We first heard about the co-housing initiative in the Houston Chronicle article. (https://www.chron.com/business/real-estate/article/Texas-first-cohousing-community-puts-land-under-15101753.php) The two of us have been happily rambling about in the home in which we raised our family. It was perfect for active teens, with acreage for the animals we wanted to have surrounding us. But the two of us, now in our 60s, wanted to live closer to town, to our friends and family there. We also wanted a stronger sense of community after living physically distanced out in the ‘Burbs. We wanted not only to be able to run next door for a cup of sugar if we needed to, but also to ask that favor of people who knew what our cookies tasted like because we had shared them together over a cup of coffee or tea.
The decisions made before we got there felt warm and welcoming. A variety of ages would be welcome. There would be no gates on the community so that we did not set ourselves apart from the wider community in the historical Second Ward just East of Houston. There would be community spaces for art, for gardens, for bike storage and swimming and music and exercise and community-wide meals. There would be hike and bike trails close by. There would be public transport available for when we grew too old to drive. All that and there would be just the right amount of private space for time just with our own family in our own wholly-owned unit.
As the meeting discussion went on, Paul and I kept sending speaking glances at each other. What should have been a dry business meeting felt warm, friendly. When was the last time that a meeting felt like that? Long ago? Never? Everyone get a turn to speak in order to work their way into making a decision by consensus. Decisions are made together, with care for one another’s opinions. This leaning toward one another is part of the reason we felt so excited. It is a manifestation of the respect this group has for one another—even brand new Explorers such as ourselves. The genuine respect shown for other’s opinions, and the humor with which adjustments were made, made me feel—right then and there in our first meeting—that this could be a place with a just-right mix of all of the above for me.

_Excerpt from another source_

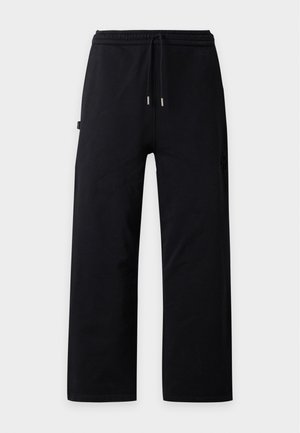 Han Kjøbenhavn, EMBOSSED DIAMOND - Долнище на анцуг - faded black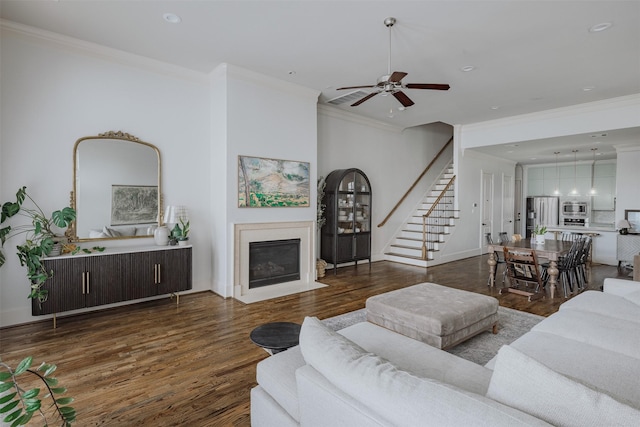 1207 W 25th St, Houston, TX 77008 - living room with crown molding, stairs, wood finished floors, a ceiling fan, and a fireplace with flush hearth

My husband felt the same. We even said so to each other, carefully leaning out of camera range (and only when on Mute) to say, “This is the best group of people!” multiple times during that call. This group is truly special. We feel so fortunate to have found them early on in their process of becoming a community. We know the members of Co-Housing Houston are the kind of neighbors who would look after us as we looked after them. These folks are the kind of people who will become true friends. So glad we’ve finally met.